Just teach them, show them, that there’s more than just a tree trunk and leaves. Show them how you can connect with the roots of that tree, how you can be the strong tree of your family, because that’s what I have to be. I’ve just got to find my roots a bit more and dig in a bit harder so I’m prepared when things get hard. I was using all my family as excuses. As soon as they’re gone, I’m doing good. As soon as they’re back, I’m doing bad. And it’s just an excuse.

3) Believe in people. And never, ever judge them.

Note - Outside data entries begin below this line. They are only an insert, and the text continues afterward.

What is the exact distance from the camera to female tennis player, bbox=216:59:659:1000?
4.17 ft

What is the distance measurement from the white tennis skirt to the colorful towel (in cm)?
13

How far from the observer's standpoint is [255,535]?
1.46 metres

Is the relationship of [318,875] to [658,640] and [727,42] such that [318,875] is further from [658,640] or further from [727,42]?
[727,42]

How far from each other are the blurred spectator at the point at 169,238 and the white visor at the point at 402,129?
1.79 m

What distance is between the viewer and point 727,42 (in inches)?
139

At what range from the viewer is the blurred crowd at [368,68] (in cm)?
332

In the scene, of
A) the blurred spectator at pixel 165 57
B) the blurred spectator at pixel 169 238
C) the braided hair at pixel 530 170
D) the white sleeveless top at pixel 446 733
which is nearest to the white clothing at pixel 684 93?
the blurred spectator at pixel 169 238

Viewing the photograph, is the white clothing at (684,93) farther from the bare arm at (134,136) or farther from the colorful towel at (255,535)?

For me it started with one woman, my caseworker when I got out of custody. She just saw me. When she looked at me she didn’t see a troubled young girl, she didn’t see a criminal that just come out of jail, she didn’t see a girl with a broken heart, she didn’t see a girl with no parents, she didn’t see a lost girl, she just saw a beautiful black girl who has got so much potential and doesn’t know it. And she started to show me that and help me to put my potential into practice by giving me little strategies, little tasks, I would succeed, I would overcome those, and I’d pull them off.

To have someone believe in you is so massive, you know coming from a background where you’re given a bottle at the age of 12 and a bong at the age of 10, and “here have this, you’ll be right, don’t worry. Your mum and dad are coming back. They’re coming back, they’re coming back, they’re coming back….” They’re not coming back. Coming from that background and being let down constantly. “Oh you’ll get it next week. What you want, you’ll get it next week, it’s coming later, go away, come back later, it’ll be there later…” Just being let down constantly, continuously, over and over again. You find it really hard to trust, to reach out to people. You’re so inside yourself that it’s hard to motivate yourself to do anything.

But when you’ve got that one person to say, “Nols, everything’s going to be alright. The suns still going to shine tomorrow. The tree is still going to be there tomorrow. Even though big changes are happening, it’s for the good, it’s not for the bad.”

And it’s the relationships; it’s the people that make Bush Circle, and the heart that was put into it. I’m here to create more of those relationships, share my story and reach out to more young people.